● **To do**
What is needed is a word-for-word copy of the lines below from the one with "Bayliner 3258 CIERA COMMAND BRIDGE image" through the one with "هزاران نفر برای", both included, with every picture left out.

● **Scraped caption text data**

+++++

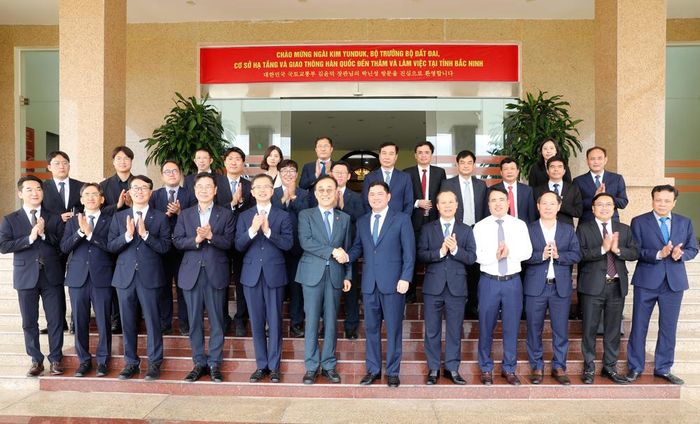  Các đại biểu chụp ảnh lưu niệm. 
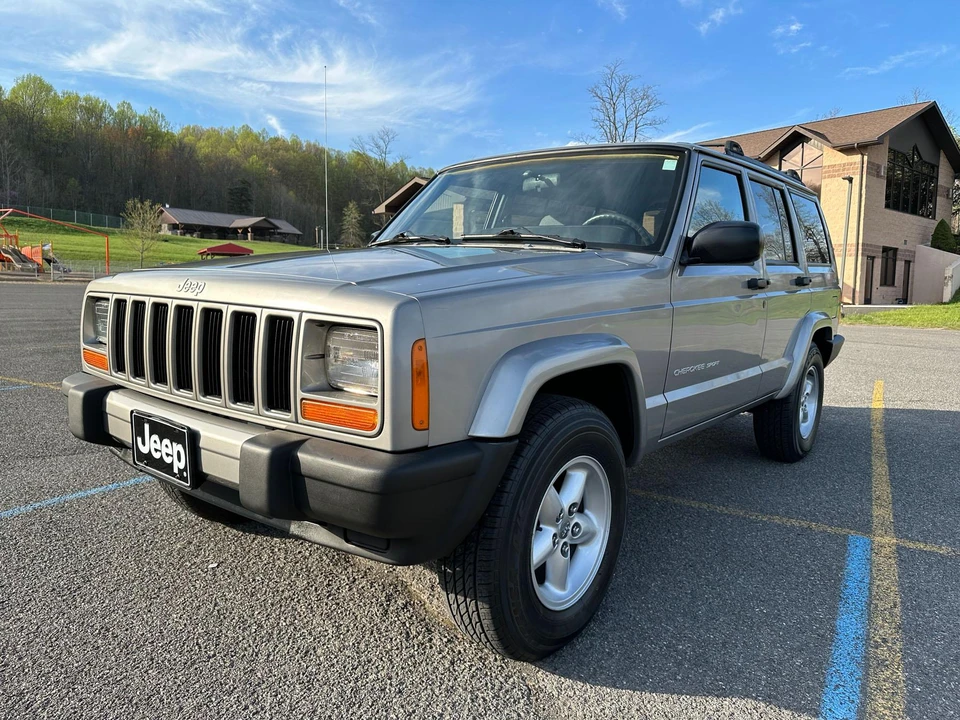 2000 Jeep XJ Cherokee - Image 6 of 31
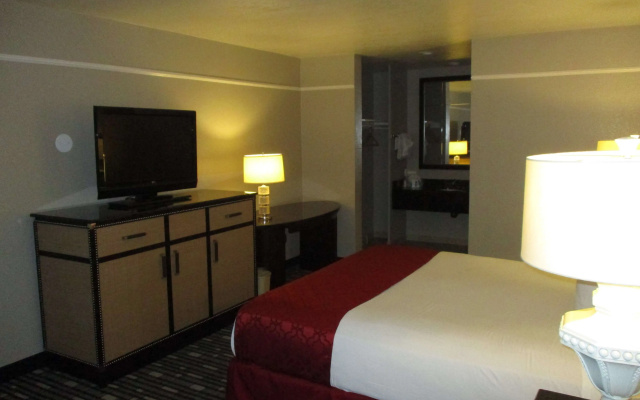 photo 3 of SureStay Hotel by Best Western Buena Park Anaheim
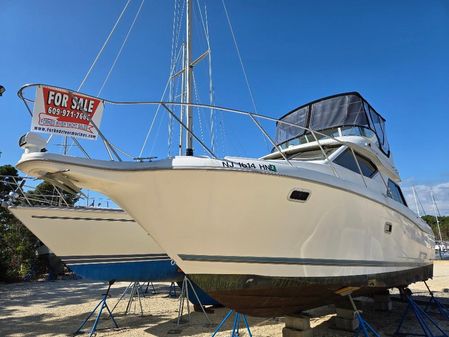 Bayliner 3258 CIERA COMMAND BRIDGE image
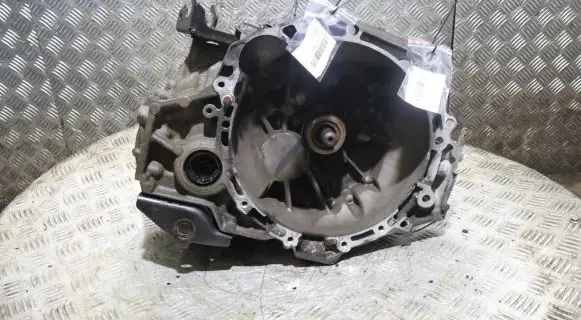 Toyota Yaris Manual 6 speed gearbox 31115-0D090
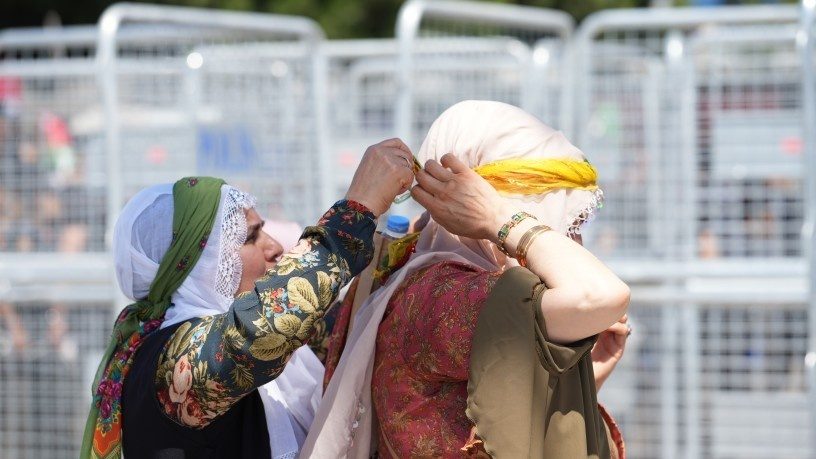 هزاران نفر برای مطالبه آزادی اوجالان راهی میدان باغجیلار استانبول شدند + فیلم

+++++

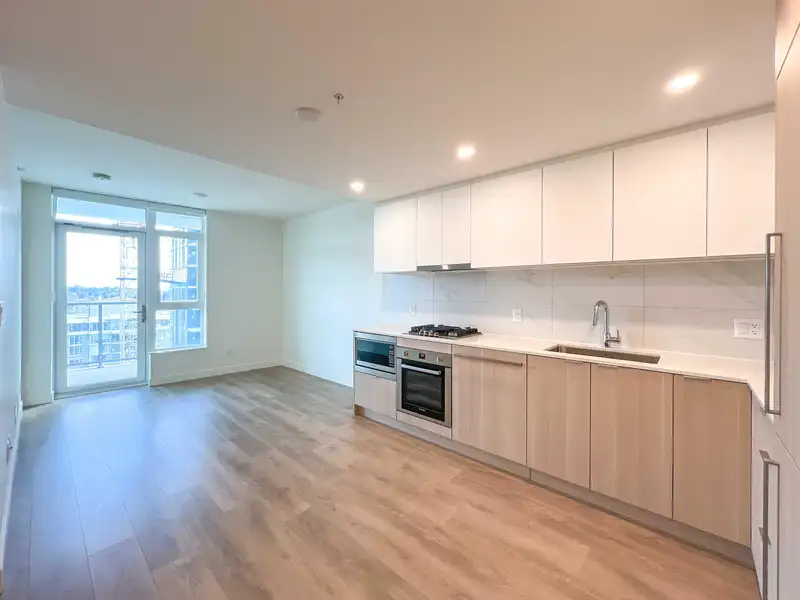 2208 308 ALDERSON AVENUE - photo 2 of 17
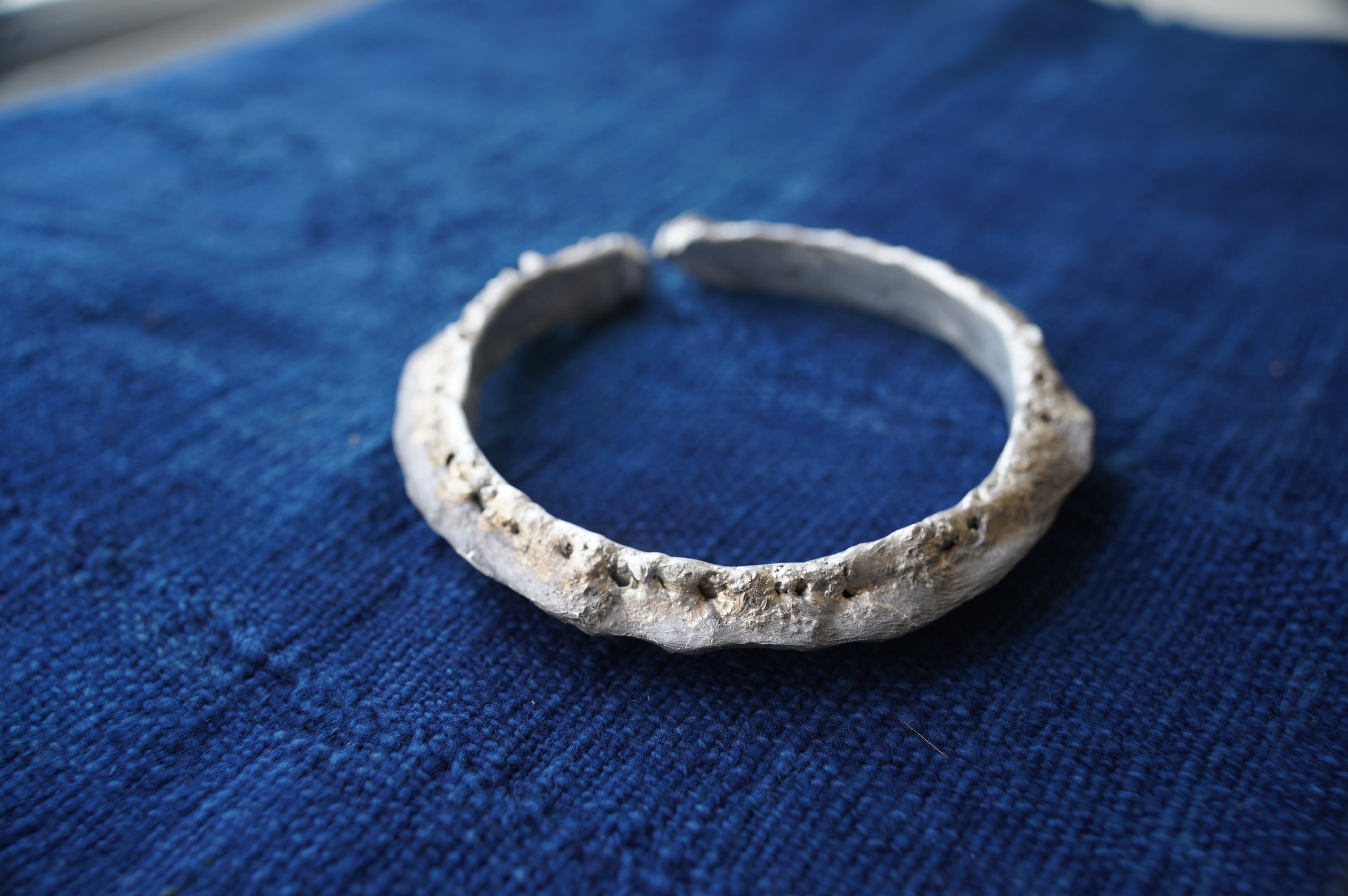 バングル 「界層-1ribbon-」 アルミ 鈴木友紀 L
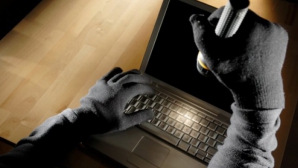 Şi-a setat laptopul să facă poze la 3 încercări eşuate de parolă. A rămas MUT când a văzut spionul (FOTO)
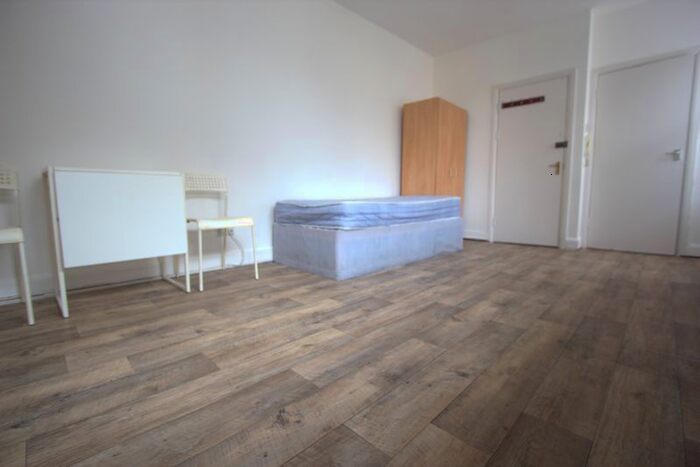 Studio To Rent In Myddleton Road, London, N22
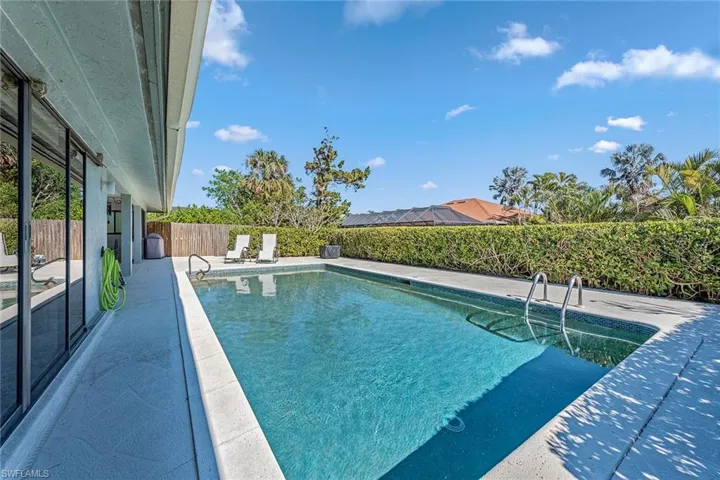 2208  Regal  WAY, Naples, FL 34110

+++++

● **Answer area**
 Bayliner 3258 CIERA COMMAND BRIDGE image
 Toyota Yaris Manual 6 speed gearbox 31115-0D090
 هزاران نفر برای مطالبه آزادی اوجالان راهی میدان باغجیلار استانبول شدند + فیلم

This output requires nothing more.